I spent the last week in Portland at the O’Reilly Open Source Convention also known as OSCON. We were part of the IBM exhibit talking to people about DB2 Express-C. OSCON is an interesting conference. Basically it is a big lovefest for the open source guys. Imagine about 2500 geeks all assembled in a single place for a week to talk about free software. The best part for me is that OSCON is not fixated on Linux. There were plenty of tutorials and talks on PHP, Python, Django, Ruby on Rails and of course databases. As one would expect there was quite a bit of MySQL presence and PostgreSQL, Ingres and EnterpriseDB all either had sessions or booths on the exhibit floor or both. And then there was the IBM booth (that you could not really tell was IBM) with DB2 Express-C.

I have to admit that talking up a non-open source product at the open source conference was a bit intimidating.

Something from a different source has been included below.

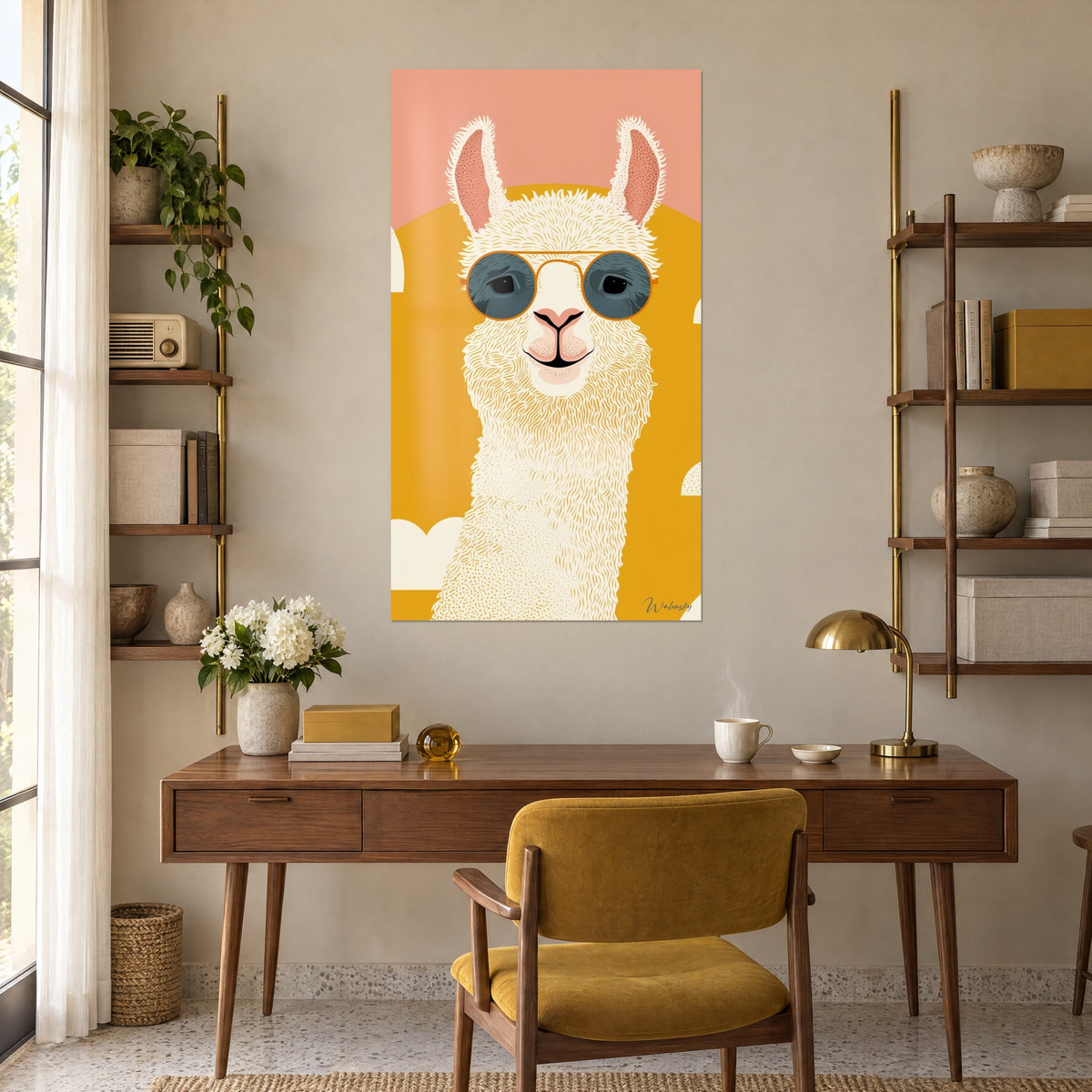 Cuadro de una llama cool en retrato, gafas redondas azul pizarra, amarillo mostaza y rosa, encima de un escritorio de madera y un sillón mostaza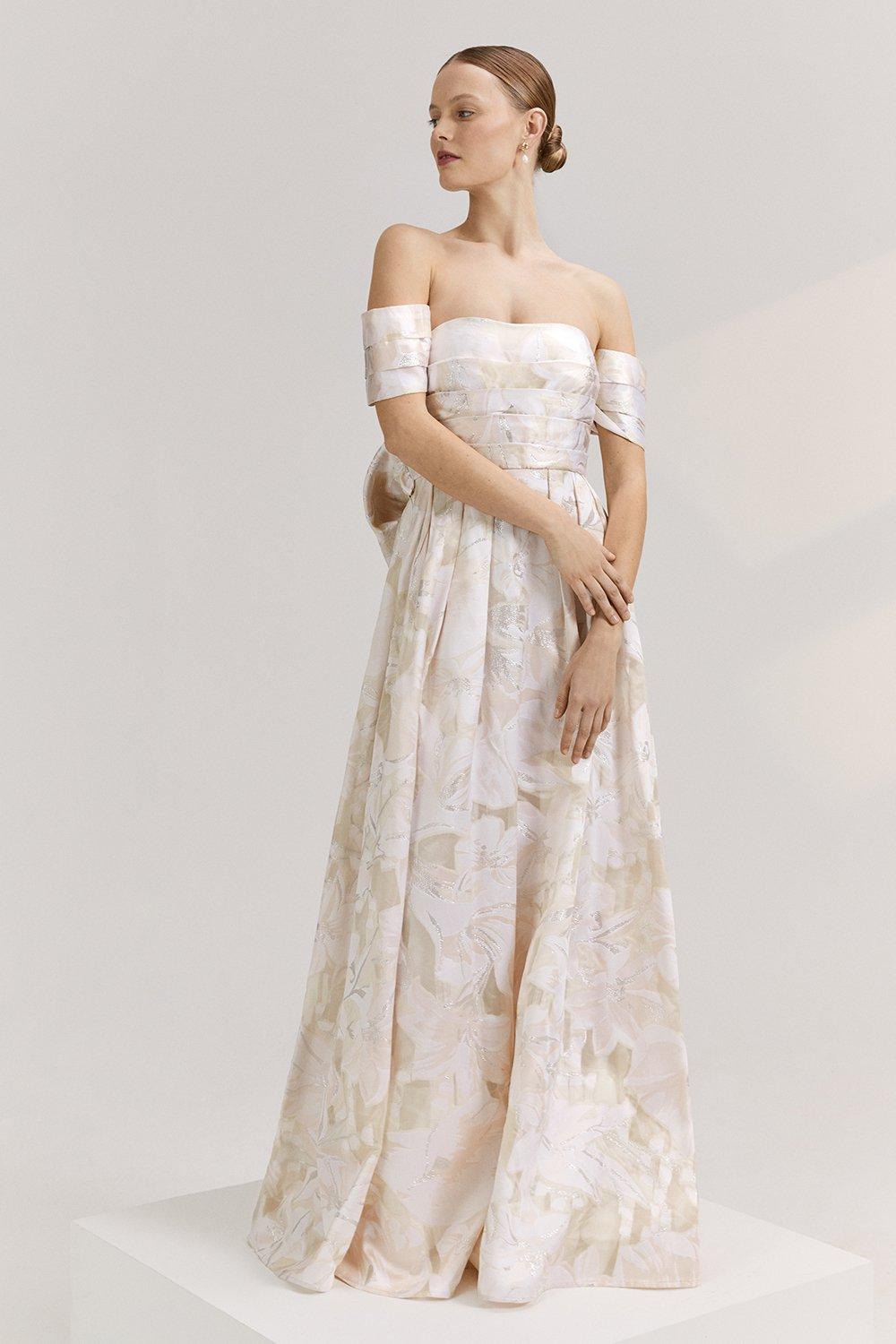 RSN Inspired Organza Jacquard Bardot Dress - Ecru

In the past, I have on occasion run afoul of the people I call “open source fanatics” and I was a bit afraid that we would be going in to a hive of these and stirring the nest so to speak. In the end, I lived through it and I did not encounter any of the fanatics at the conference or at least none of them threatened me with physical harm. I hope this is a sign that fanatics in the open source are nearing extinction and are evolving in to more rational pragmatic bunch or at least are content not to force their views on the rest of us.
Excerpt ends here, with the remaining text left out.